Nor is pretty much anything Michael Moore puts on film. It’s flat out appalling how much credence the media lends to Moore’s films by surrepetitiously calling them documentaries. What’s a documentary?
doc·u·men·ta·ry - 2. Presenting facts objectively without editorializing or inserting fictional matter, as in a book or film.
That’s right, objectively without editorializing. Moore’s Fahrenheit 9/11 is detailed on the Cannes Film Festival Site as “a documentary that denounces the errors of the Bush government’s policies”. How can an a film “objectively without editorializing” denounce the errors of anyone? Denouncing implies judgement, which obliterates objectiveness. To the average person, calling a film a documentary suggests that it has taken an objective, fact-based approach to the subject matter. By calling the film a documentary rather than a film editorial, they are advancing the agenda that this film is fact rather than what it is – a slanted look at current events – an opinion editorial on film.

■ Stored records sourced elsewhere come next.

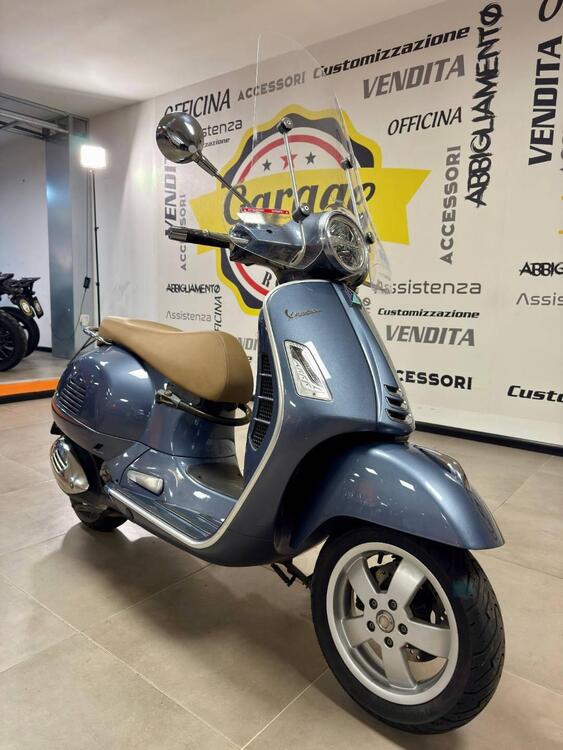 Vespa GTS 300 Hpe (2019) (2)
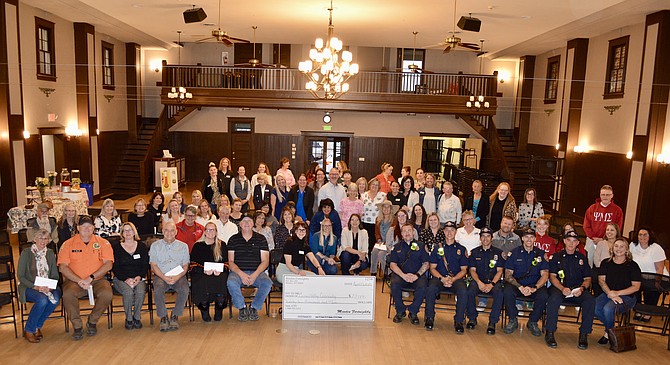Members of Minden Fortnightly and members of the many organizations to which received donations.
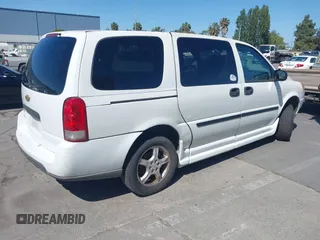 2008 Chevrolet Uplander LS Fleet z VIN 1GBDV13W18D140379, wystawiony jako IAAI lot #42246118 z przebiegiem 108 897 mil mil oraz . Historia ofert i sprzedaży dostępna na DreamBid. Obrazek 4.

Moore intentionally refuses to cover different angles on his subjects, because that wouldn’t satisfy his political agenda. Clearly he has an agenda, his books and public comments are sufficient to establish that. A better documentarian could separate opinion from fact, and give an issue that intrigued them a fair treatment – the director of “Super Size Me” has made it a point that his goal is not to blame the fast food industry, and that the subject also involves personal choice. Moore invokes no such balance in his filmmaking, choosing to give topics treatments that serve his subjective purposes. He deserves a category all his own for feature-length editorials.
Things aren’t unbiased when you simply point out how evil corporations are, or how stupid conservatives are. That’s just how it is, and you should get used to it. Any rational person would draw that conclusion given all of the “angles”, so why bother covering them?
Perhaps Moore’s films don’t fall into the document -category, but biased as they are, I’m glad someone’s taking the time to help shuffle the deck of highest authorities in the US. In any case I fear that electing a democrat to lead the country won’t make much of a difference anyway, let’s see if Kerry will be able to shake off the US’s reputation of being a war-monging nation acting against the will of the UN. Peace out
My key point is that calling them documentaries gives them a greater aura of factual authority than they deserve.
While I tend to disagree with his views, I fully defend his right to hold and express them. His opinions, combined with other views across the spectrum are a valuable part of American discourse, and help us as a nation reach educated conclusions.
As for the “will of the UN”, resolutions 1441 and 687 expressed the will of the UN, though they showed no signs of ever enforcing these resolutions by any means other than continued resolutions. Ideally, I wish the UN would have stepped up to the plate and built a United Nations force to get the job done. Still, given the choice between making ourselves subject to will of the UN and exercising our rights as a sovereign nation in the spirit of the UN’s will, I’ll take the latter.
Documentaries haven’t been unbiased since the early 90’s. For the last 10 years+ documentaries have come to be appreciated more and more for their aesthetic value and persuasive ability and not simply their informative content. Moore’s films are documentaries as are many of the other documentaries produced even if they are not totally objective.
perhaps you could post JAVA RELATED topics to JAVA BLOGS
Umm, yeah, in case you haven’t noticed, most of my posts ARE Java/Technology related. It’s not my fault if the posts that become “popular” seem to be the off topic ones. Tell your peers not to read the non-Java topics so much.
The beauty is in the eye of the beholder and the conclusions form in the mind of the viewer.
Some documentaries spell things out visually with the intention of stimulating a certain thought process in the mind of the viewer.
Michael Moore, as all documentarists, presents facts of his own choosing. You can’t say everything in a documentary or a history book, you must pick those things which you believe will help or cause your audience to inspect the objective reality in a way which will further the wellbeing of the human race (if you are a leftist) or the wellbeing of your immediate family and friends, or people with the same skin tone as you (if you are a rightist.)
Rob, you are right and I wish more people would think critically about stuff like this. On this same note, Dan Rather delivers his daily news commentaries under the banner of “CBS News” on the CBS-owned radio station I listen to. Since Rather’s opinion and spin on the news is not news, Dan Rather should not be “editorializing’ under the auspices of “news”.